··· Data segment ···

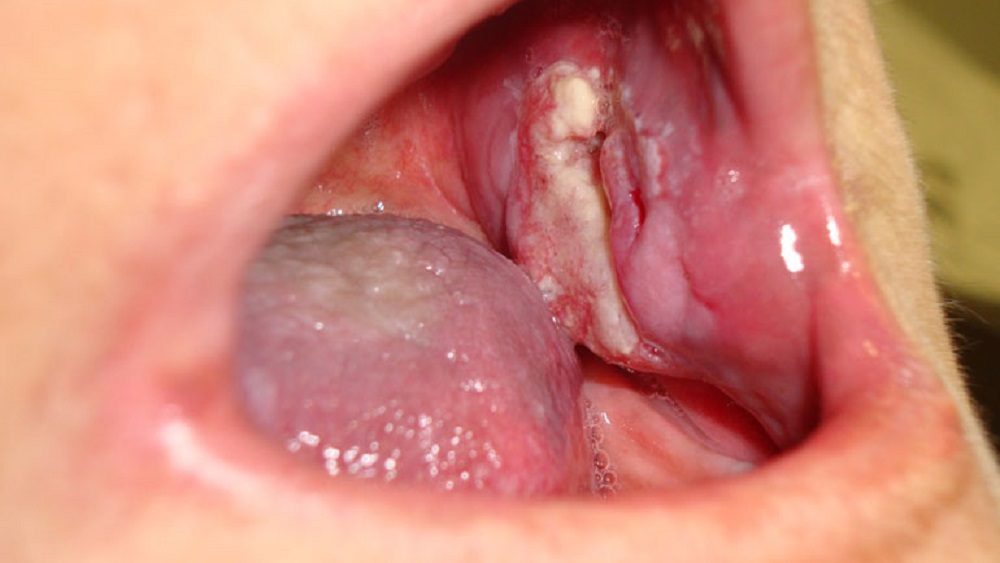 Relacionan cáncer bucal a la contaminación del aire - cancer-bucal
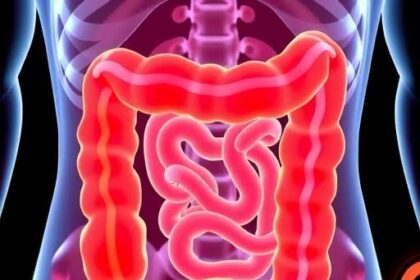 Why a Colonoscopy Is Key for Colorectal Cancer Screening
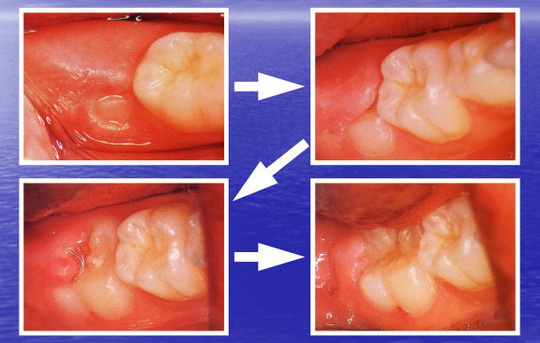 六歳臼歯が生えかけで歯ぐきに覆われ磨きにくい状態を示した写真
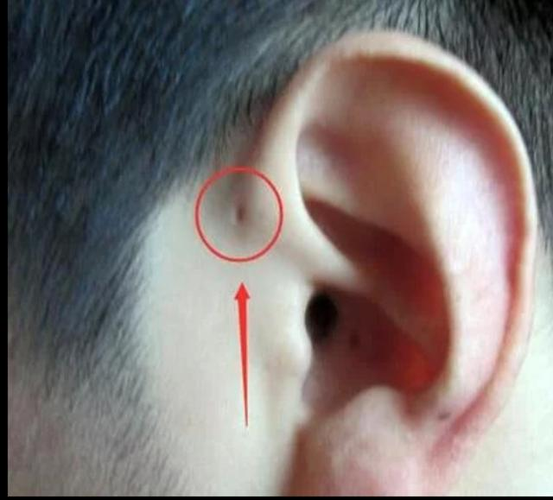 耳前小孔的秘密_先天性耳前瘘管_症状表现_治疗方式 - 好大夫在线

···

• Action item: Output the material word for word, omitting its pictures.

• Your solution:
 Relacionan cáncer bucal a la contaminación del aire - cancer-bucal
 Why a Colonoscopy Is Key for Colorectal Cancer Screening
 六歳臼歯が生えかけで歯ぐきに覆われ磨きにくい状態を示した写真
 耳前小孔的秘密_先天性耳前瘘管_症状表现_治疗方式 - 好大夫在线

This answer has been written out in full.